*ASSIGNED TASK*: Print every line below. Match each one exactly.

*PROVIDED RECORDS*:

======

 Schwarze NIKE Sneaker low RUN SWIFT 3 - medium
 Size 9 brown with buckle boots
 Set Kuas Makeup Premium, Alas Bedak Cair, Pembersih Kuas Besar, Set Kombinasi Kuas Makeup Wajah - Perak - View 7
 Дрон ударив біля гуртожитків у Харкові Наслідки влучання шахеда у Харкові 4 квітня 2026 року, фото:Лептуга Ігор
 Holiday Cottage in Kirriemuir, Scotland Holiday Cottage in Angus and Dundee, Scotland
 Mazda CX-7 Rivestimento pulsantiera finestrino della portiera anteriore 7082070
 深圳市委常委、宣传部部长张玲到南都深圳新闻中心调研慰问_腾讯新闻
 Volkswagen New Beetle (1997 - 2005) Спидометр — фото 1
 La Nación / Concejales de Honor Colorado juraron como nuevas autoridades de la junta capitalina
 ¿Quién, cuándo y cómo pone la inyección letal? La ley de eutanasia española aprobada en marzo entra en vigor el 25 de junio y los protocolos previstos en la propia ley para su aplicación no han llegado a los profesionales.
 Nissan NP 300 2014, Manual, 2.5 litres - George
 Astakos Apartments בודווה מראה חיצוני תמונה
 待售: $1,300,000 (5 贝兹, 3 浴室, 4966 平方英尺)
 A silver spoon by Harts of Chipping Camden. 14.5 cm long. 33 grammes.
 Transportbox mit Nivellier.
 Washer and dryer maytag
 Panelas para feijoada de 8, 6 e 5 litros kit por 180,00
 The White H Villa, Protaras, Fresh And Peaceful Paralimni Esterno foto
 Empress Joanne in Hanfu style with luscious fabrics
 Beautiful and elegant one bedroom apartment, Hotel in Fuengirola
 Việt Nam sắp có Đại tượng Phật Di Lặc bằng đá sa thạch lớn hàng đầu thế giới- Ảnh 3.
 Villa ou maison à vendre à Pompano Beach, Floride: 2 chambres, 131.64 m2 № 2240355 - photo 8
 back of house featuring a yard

======

*RESPONSE FOR THIS EXERCISE*:
 Schwarze NIKE Sneaker low RUN SWIFT 3 - medium
 Size 9 brown with buckle boots
 Set Kuas Makeup Premium, Alas Bedak Cair, Pembersih Kuas Besar, Set Kombinasi Kuas Makeup Wajah - Perak - View 7
 Дрон ударив біля гуртожитків у Харкові Наслідки влучання шахеда у Харкові 4 квітня 2026 року, фото:Лептуга Ігор
 Holiday Cottage in Kirriemuir, Scotland Holiday Cottage in Angus and Dundee, Scotland
 Mazda CX-7 Rivestimento pulsantiera finestrino della portiera anteriore 7082070
 深圳市委常委、宣传部部长张玲到南都深圳新闻中心调研慰问_腾讯新闻
 Volkswagen New Beetle (1997 - 2005) Спидометр — фото 1
 La Nación / Concejales de Honor Colorado juraron como nuevas autoridades de la junta capitalina
 ¿Quién, cuándo y cómo pone la inyección letal? La ley de eutanasia española aprobada en marzo entra en vigor el 25 de junio y los protocolos previstos en la propia ley para su aplicación no han llegado a los profesionales.
 Nissan NP 300 2014, Manual, 2.5 litres - George
 Astakos Apartments בודווה מראה חיצוני תמונה
 待售: $1,300,000 (5 贝兹, 3 浴室, 4966 平方英尺)
 A silver spoon by Harts of Chipping Camden. 14.5 cm long. 33 grammes.
 Transportbox mit Nivellier.
 Washer and dryer maytag
 Panelas para feijoada de 8, 6 e 5 litros kit por 180,00
 The White H Villa, Protaras, Fresh And Peaceful Paralimni Esterno foto
 Empress Joanne in Hanfu style with luscious fabrics
 Beautiful and elegant one bedroom apartment, Hotel in Fuengirola
 Việt Nam sắp có Đại tượng Phật Di Lặc bằng đá sa thạch lớn hàng đầu thế giới- Ảnh 3.
 Villa ou maison à vendre à Pompano Beach, Floride: 2 chambres, 131.64 m2 № 2240355 - photo 8
 back of house featuring a yard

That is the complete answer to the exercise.